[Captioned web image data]
"""

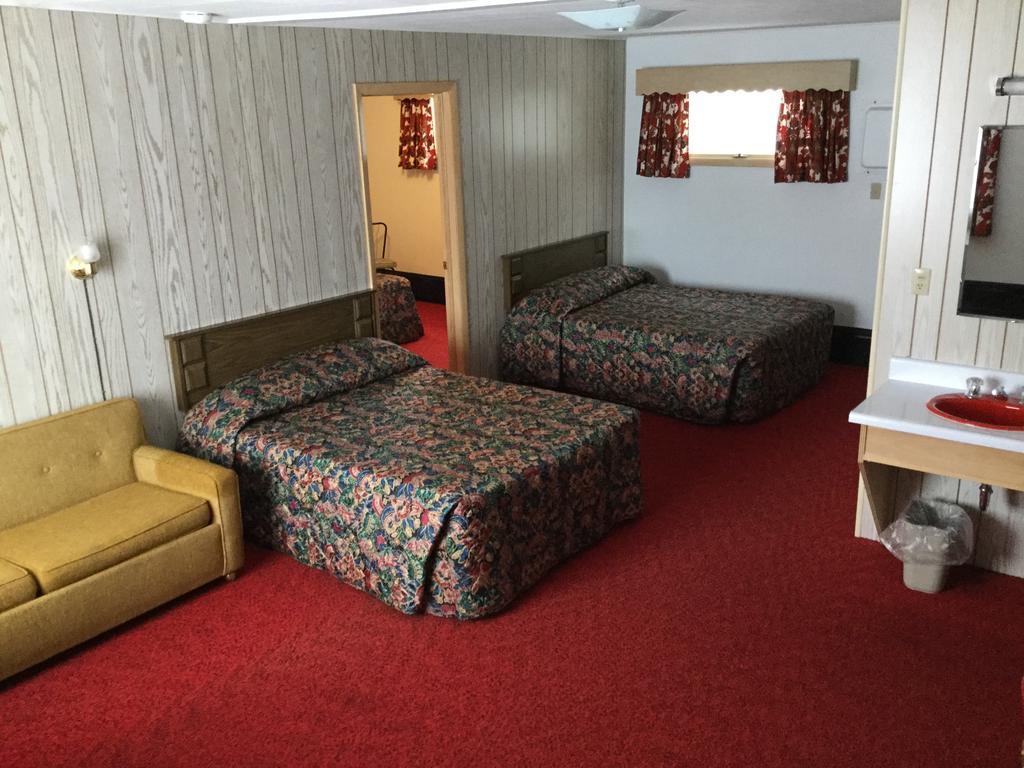 Cedars Motel Ironwood Eksteriør billede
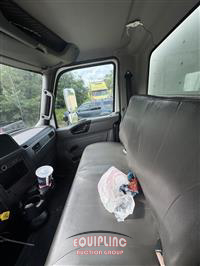 2020 International MV607 4X2 S/A NON CDL BOX TRUC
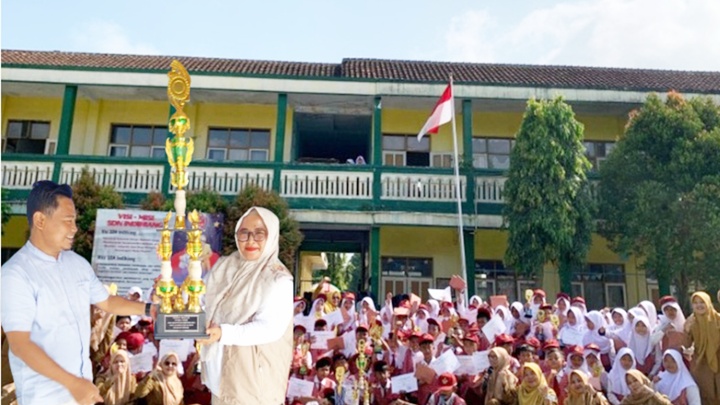Penyerahan piala Juara Umum LKKS 2026 kepada SDN Indihiang Kota Tasikmalaya berlangsung penuh kebanggaan, disaksikan antusiasme siswa dan guru sebagai wujud keberhasilan kerja keras dan semangat berprestasi bersama. Dok Istimewa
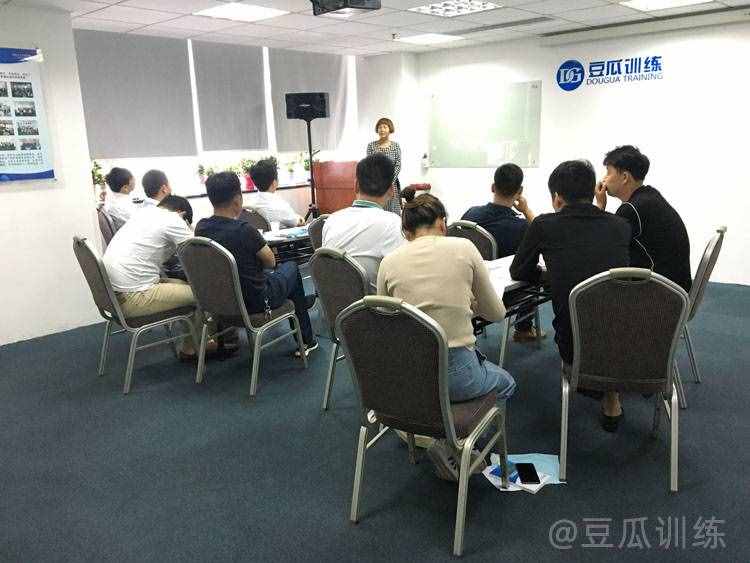 如何鍛煉口才與交際能力？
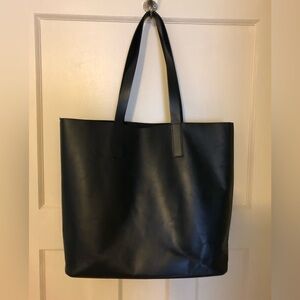 Everlane- The Day Square Tote - Black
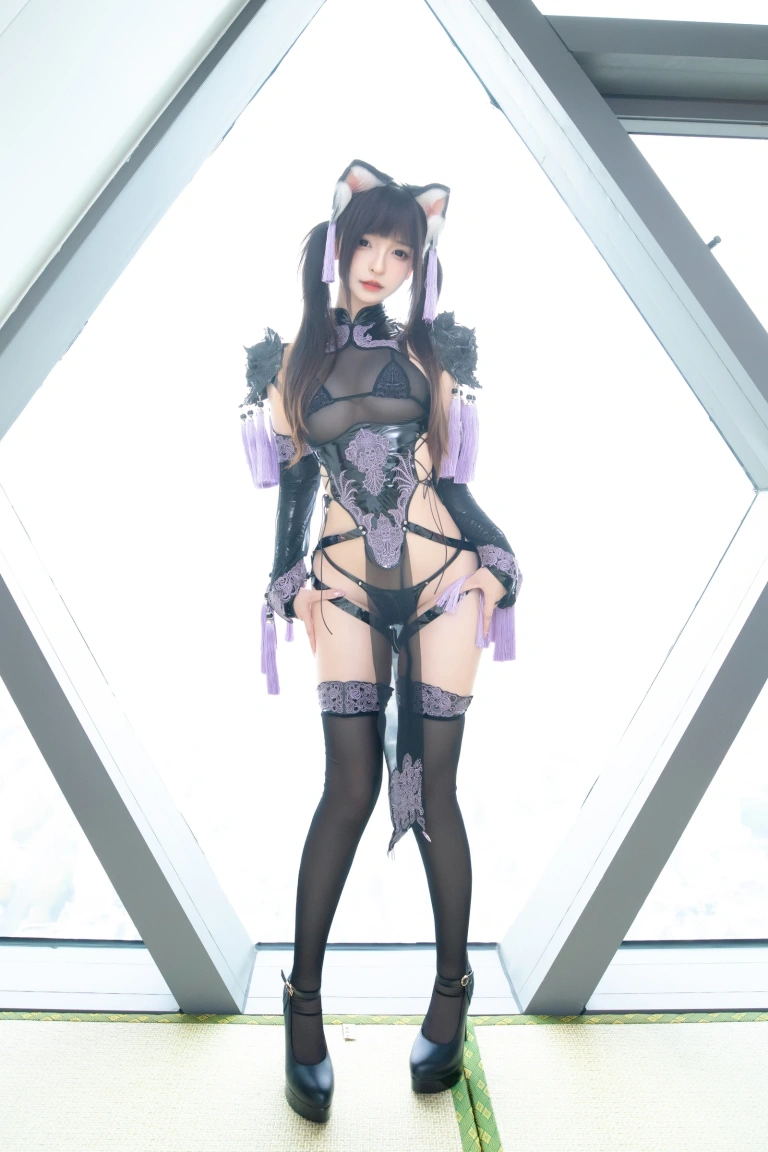 神楽坂真冬《第五季 序号1：《旗袍猫女》》主题写真：75张全套美图，含2个视频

"""

Only the lines from the one that contains "如何鍛煉口才與交際能力？" to the end of the records, inclusive, are to be quoted exactly, with pictures excluded.

### ANSWER BOX
 如何鍛煉口才與交際能力？
 Everlane- The Day Square Tote - Black
 神楽坂真冬《第五季 序号1：《旗袍猫女》》主题写真：75张全套美图，含2个视频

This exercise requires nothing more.